After the first year of the patient transport service, there was a 42% reduction in home visits. Latest figures from the practice covering the period from September 2016 to end of February 2017 reveal that 43 referrals for the district nursing team have been dealt with by the community transport service. This represents a travel time saving of around 64.5 hours for the team.
It is hoped that there may be interest in offering the community transport service to patients who are registered at other practices in the Reeth Medical Centre area. This would enable the district nursing team to see those patients at the practice and may help to further reduce travel time to and from their Richmond base.
'The main benefit of this service for our patients is the social aspect,' says Ms Brookes.

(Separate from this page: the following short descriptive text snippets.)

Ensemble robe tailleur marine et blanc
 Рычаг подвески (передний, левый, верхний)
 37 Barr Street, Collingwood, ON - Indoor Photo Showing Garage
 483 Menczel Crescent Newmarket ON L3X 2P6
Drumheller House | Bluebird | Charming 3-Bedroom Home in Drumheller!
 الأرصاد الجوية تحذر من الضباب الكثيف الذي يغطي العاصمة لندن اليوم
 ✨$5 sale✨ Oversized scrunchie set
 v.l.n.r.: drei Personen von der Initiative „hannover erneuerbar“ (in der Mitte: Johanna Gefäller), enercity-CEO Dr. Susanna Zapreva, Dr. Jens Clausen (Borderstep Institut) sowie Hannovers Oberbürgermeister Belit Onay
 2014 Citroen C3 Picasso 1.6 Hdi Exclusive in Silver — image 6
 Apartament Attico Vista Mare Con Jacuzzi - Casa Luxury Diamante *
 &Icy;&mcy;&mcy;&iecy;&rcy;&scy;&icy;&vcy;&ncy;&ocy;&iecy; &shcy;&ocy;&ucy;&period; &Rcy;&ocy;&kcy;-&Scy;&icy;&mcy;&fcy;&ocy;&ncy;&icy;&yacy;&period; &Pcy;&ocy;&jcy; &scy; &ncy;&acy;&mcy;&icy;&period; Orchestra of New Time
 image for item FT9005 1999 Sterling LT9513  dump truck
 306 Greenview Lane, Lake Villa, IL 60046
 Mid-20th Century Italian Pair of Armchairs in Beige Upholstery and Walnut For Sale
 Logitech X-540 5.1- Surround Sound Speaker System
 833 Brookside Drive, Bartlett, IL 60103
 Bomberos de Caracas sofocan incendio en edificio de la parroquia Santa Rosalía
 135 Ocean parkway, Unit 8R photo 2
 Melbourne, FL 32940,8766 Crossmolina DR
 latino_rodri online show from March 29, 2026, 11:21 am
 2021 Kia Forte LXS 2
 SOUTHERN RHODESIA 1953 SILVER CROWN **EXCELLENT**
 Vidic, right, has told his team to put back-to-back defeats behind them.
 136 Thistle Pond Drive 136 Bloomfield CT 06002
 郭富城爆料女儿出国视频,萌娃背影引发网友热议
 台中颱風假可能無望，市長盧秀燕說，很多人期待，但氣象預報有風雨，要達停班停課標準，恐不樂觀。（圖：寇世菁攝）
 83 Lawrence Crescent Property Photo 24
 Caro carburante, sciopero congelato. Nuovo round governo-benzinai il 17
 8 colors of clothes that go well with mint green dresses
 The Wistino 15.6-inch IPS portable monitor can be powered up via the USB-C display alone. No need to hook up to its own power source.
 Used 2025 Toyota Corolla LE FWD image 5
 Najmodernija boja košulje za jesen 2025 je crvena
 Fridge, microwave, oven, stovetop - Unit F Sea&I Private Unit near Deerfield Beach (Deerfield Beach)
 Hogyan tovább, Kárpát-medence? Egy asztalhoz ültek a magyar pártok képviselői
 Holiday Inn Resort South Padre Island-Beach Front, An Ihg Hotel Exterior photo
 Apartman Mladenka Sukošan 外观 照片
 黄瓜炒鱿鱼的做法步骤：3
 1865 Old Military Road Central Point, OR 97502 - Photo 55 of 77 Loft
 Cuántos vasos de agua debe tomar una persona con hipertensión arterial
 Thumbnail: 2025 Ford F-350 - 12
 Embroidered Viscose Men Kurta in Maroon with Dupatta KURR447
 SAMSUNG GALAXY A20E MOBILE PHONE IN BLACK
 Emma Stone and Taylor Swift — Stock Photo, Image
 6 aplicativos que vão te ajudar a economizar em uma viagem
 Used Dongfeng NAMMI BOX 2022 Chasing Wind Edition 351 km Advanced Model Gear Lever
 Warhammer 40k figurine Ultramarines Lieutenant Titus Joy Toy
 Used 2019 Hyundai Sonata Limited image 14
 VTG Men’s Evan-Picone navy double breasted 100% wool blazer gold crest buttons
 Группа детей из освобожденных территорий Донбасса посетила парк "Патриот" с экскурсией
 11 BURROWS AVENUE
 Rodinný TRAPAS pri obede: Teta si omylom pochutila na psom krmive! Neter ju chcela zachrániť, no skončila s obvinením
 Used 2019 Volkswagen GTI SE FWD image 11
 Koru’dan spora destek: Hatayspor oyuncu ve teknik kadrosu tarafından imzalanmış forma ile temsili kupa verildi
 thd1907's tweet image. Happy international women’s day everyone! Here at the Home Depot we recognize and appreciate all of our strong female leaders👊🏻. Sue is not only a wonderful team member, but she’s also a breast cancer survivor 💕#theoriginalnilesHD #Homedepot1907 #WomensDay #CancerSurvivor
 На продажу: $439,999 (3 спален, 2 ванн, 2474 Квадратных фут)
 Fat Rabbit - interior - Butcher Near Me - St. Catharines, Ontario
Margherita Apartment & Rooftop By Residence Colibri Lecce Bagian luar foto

'Having a bus that picks you up from your home that can bring a wheelchair to your lounge door makes a big difference. Patients also benefit from that personal touch with the community transport volunteer coming to their home and helping them to get on and off the bus.'
Patients can use the bus to access other areas of support in the community following their trip to the practice. This might include attending luncheon clubs or popping to the post office or local shops. The practice can also make arrangements to coincide clinics and patient appointments with sheltered housing events such as bingo and afternoon tea.
In addition, the practice organises its own social events for patients.
'We offer a winter flu clinic and run a bus service to bring patients to the practice,' says Ms Brookes. The clinic provides around 250 flu vaccinations. Once the clinic is over, patients are treated to hot drinks, cakes, a tombola and a raffle.
'It is a good way for patients to catch up with one another,' she adds.